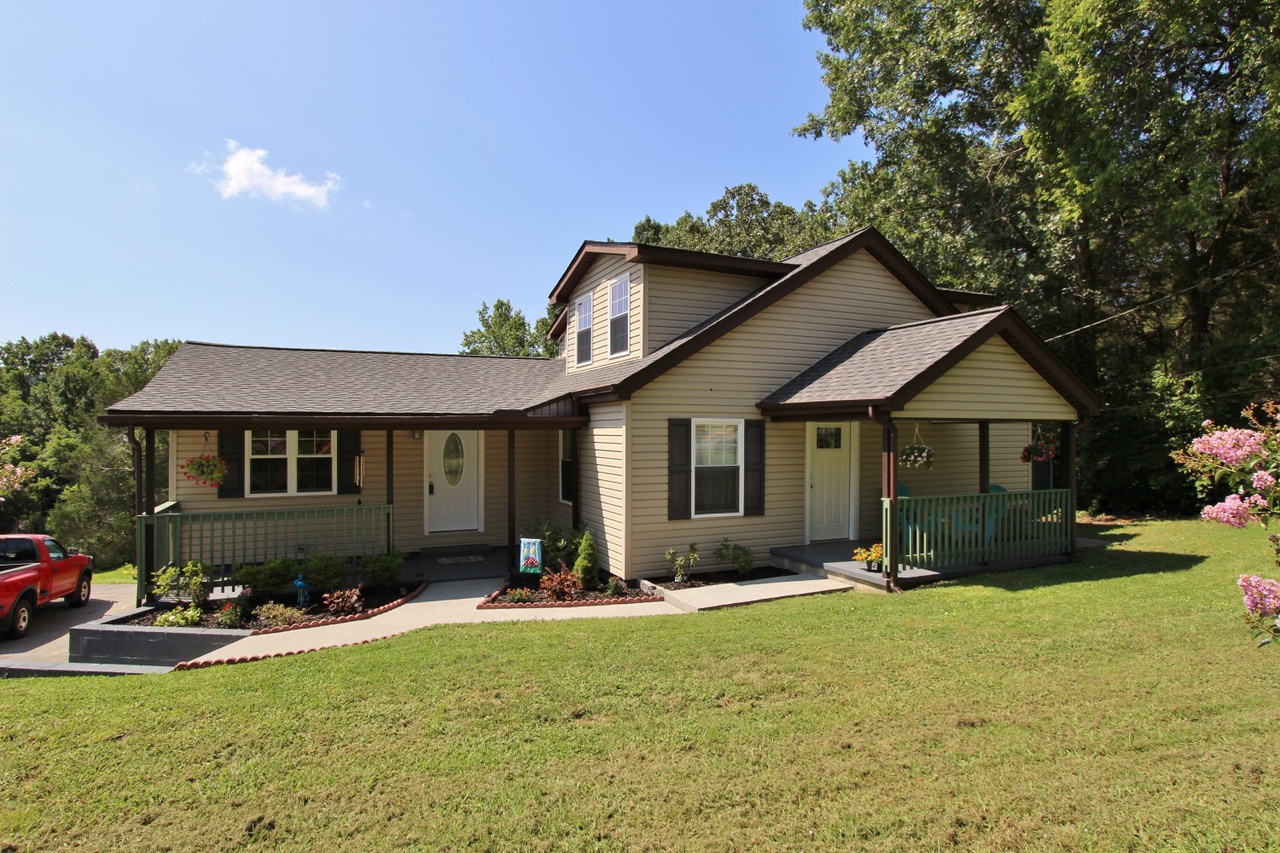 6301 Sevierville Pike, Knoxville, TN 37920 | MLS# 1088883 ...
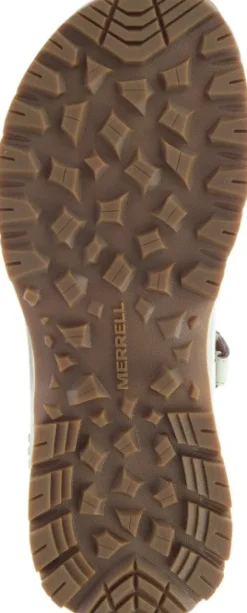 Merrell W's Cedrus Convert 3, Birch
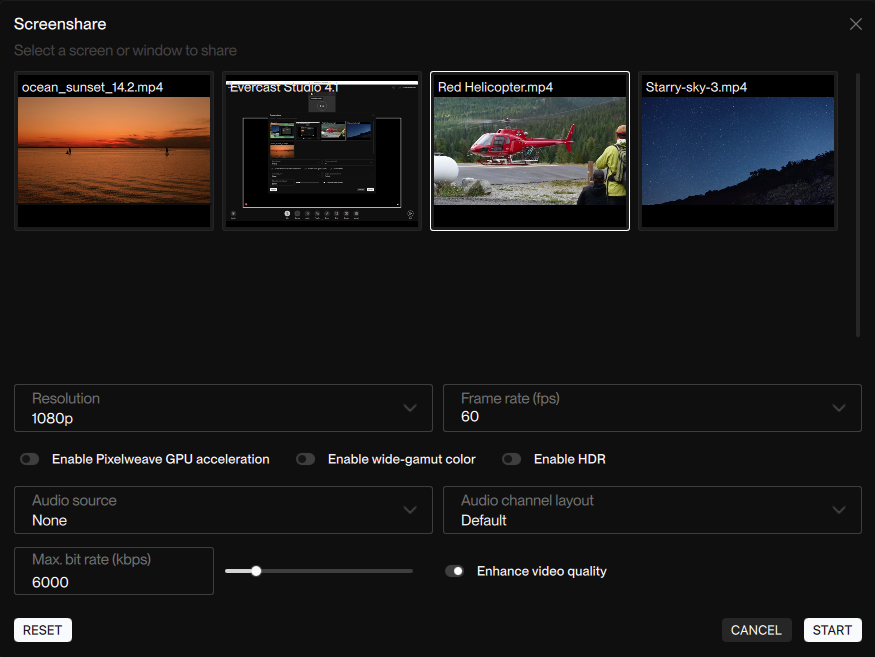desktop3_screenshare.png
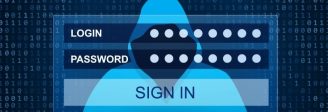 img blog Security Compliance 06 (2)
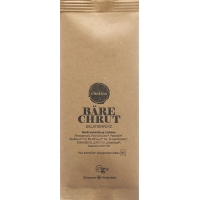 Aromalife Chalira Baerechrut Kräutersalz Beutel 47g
- - - -
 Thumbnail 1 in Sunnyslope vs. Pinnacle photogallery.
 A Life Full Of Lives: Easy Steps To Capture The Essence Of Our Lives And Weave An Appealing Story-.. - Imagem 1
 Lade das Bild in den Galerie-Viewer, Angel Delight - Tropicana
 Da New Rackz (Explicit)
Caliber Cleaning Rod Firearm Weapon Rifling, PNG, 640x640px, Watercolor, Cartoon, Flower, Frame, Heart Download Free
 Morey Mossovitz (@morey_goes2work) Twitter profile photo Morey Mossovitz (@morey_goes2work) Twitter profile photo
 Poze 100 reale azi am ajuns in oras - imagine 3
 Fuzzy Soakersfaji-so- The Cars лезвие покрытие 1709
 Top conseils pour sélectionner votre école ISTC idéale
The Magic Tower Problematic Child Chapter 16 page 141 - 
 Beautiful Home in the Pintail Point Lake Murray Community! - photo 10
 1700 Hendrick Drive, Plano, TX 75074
- - - -
From the data above, return every line from the line that has "Morey Mossovitz (@morey_goes2work) Twitter profile photo Morey" up to and including the line that has "1700 Hendrick Drive, Plano, TX 75074", exactly.

| Solution to the exercise |
 Morey Mossovitz (@morey_goes2work) Twitter profile photo Morey Mossovitz (@morey_goes2work) Twitter profile photo
 Poze 100 reale azi am ajuns in oras - imagine 3
 Fuzzy Soakersfaji-so- The Cars лезвие покрытие 1709
 Top conseils pour sélectionner votre école ISTC idéale
The Magic Tower Problematic Child Chapter 16 page 141 - 
 Beautiful Home in the Pintail Point Lake Murray Community! - photo 10
 1700 Hendrick Drive, Plano, TX 75074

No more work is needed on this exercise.